This week is Hanukkah. Many Jews observe Hanukkah as if it was the main, most important, holiday of our people. This is certainly a fun festival of eating oil-imbued foods like potato latkes and sugoniyot or jelly donuts. We spin the dreidel, light the Hanukkiah and generally have a fun time.

Hanukkah is actually a minor festival because it commemorates a battle. Nevertheless, we should remember that there is an important lesson here. At the risk of being glib: They tried to destroy us, Hashem intervened, let’s eat. While this is a joke we Jews like to tell, there is a lot of truth to it.

During the Amidah or Tefillah, we add a prayer during Hanukkah. It is inserted in the first of the last three prayers that are ubiquitous throughout all versions and adaptations of the silent, standing prayer. We say “Modim anuhnu lak”—we gratefully thank you, Hashem…for all the miracles you grant us every day. This lead in is appropriate placement for this particular miracle. This, by the way, is also the placement of the particular prayer for Purim, another miraculous save by Hashem. These two holidays have this in common, that enemies tried to destroy us but in different manners. The Seleucids tried to destroy and violate our Temple and Haman tried to kill the Jewish people, respectively. Both attempts failed. Thus the festivals.
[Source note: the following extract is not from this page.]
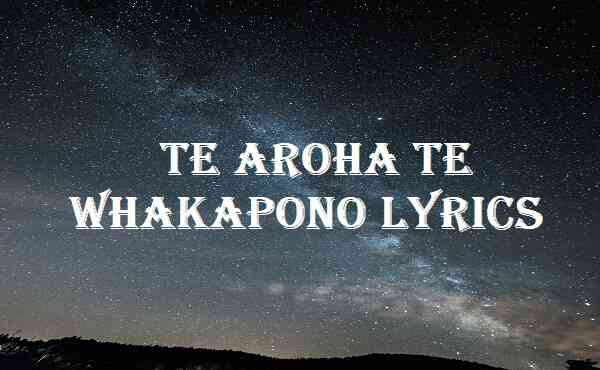 Te Aroha Te Whakapono Lyrics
With current events, consider that this holiday becomes more important. As the Greek-Assyrian Seleucids tried to destroy our Temple, we have had attacks on synagogues and Jews recently. We have had a gun man attack a synagogue during Shabbat Shachrit, we’ve had someone attack two people leaving their shul after Shabbat services, and a college professor have her office defaced with anti-Semitic symbols.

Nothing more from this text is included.